Silvia Tolisano (@langwitches) posted wrote a blog post a while back about a tool called Wiffiti which aggregates specified terms from Twitter, Flickr, and SMS. According to their website, Wiffiti is "used extensively in digital signage networks ranging from huge jumbotrons in Times Square to thousands of screens in bars, cafes, schools, entertainment centers and churches."

One day I walked past a store in the mall which had a big flat-screen TV displaying a feed of customer feedback from the web. At the time I wondered how they did that and thought it would be a cool thing to incorporate into PD session or conference. Yes, you could simply use Twitter or TweetDeck, but Wiffiti provides a more of a polished display for Tweets in addition to incorporating non-Twitter based mentions. Now that I think back on the display that I saw, it may have been powered by Wiffiti.

Here's a short video clip of Wiffiti in use at a David Archuletta concert in June of 2009 courtesy of YouTuber Stepploca.

In addition to scanning Twitter, Wiffiti also offers the option of including SMS (text) messages sent to a custom number for incorporation onto the Wiffiti screen. A possible classroom application would be allowing students to text questions for display on the screen in real-time (A potentially dangerous but fun idea!).

Here is an example "Wiffiti screen" of the Twitter Hashtag #gct (Google Certified Teachers).

This post is primarily just a test run of Wiffiti, but I'd be interested in suggestions for possible classroom applications or other similar web aggregators.


  1. Hi Mr. Sowash,

    My name is Katherine Perkins and I have been assigned to your blog for two weeks for my EDM 310 class. You may access the EDM class blog at and my blog at I enjoyed reading your post on Wiffiti. I had never heard of Wiffiti before reading your post. I think I have seen it before during tv awards, but never knew what it was.

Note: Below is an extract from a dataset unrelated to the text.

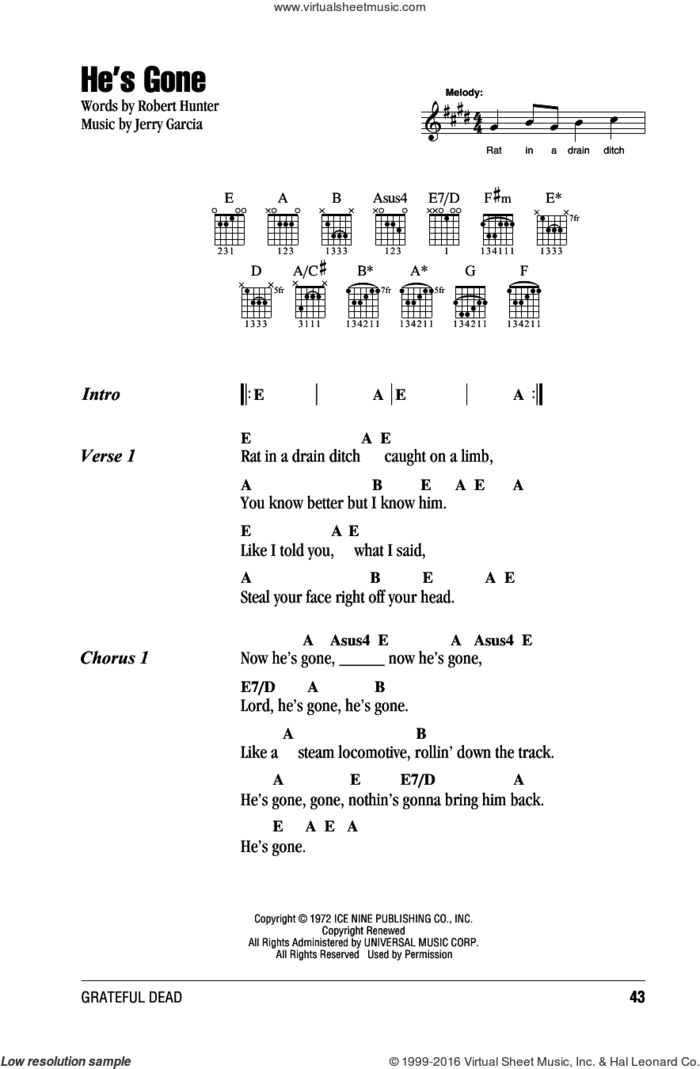 He's Gone sheet music for guitar (chords) by Grateful Dead, Jerry Garcia and Robert Hunter, intermediate skill level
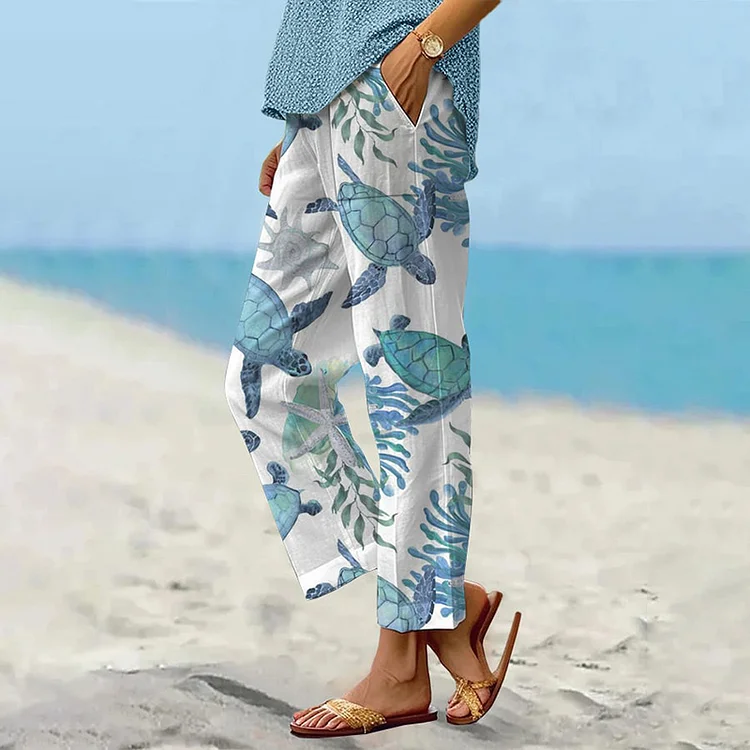 VChics Beach Turtle Print Casual Pants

It does seem like a fun tool to use in the classroom, but I agree that it could be possibly dangerous also. Also if it was used in the classroom wouldn't this tool cause students to stop verbally communicating with the teacher? If used for a certain amount of time during discussions or as a way to send homework questions would be okay, but maybe not as everyday use. Students still need to have a way to verbally communicate if they need help on a question. Thanks again for posting on Wiffiti and I'm looking forward to reading your next post!


  2. Thanks, Katherine, for your comment.

    When I incorporate technology into my lessons, I typically do so for two reasons. The first reason is that today's students need to be exposed to various forms of technology because it is very likely that they will be called upon to use these technologies in the workplace. A great example of this is Wikis. Companies are using wikis internally to foster collaboration between their employees. I don't think Wiffiti falls into this category however.

    The second reason I incorporate technology into my classroom is to engage students who would otherwise tune me out. Some students wouldn't take part in a class discussion because they're bored with them or are overwhelmed by their more vocal classmates. Using Wiffiti in class would, hopefully, encourage more discussion than normal. Call it a gimmick if you will, that's essentially what it is, but if it creates authentic discussion and dialog, I'm all for it!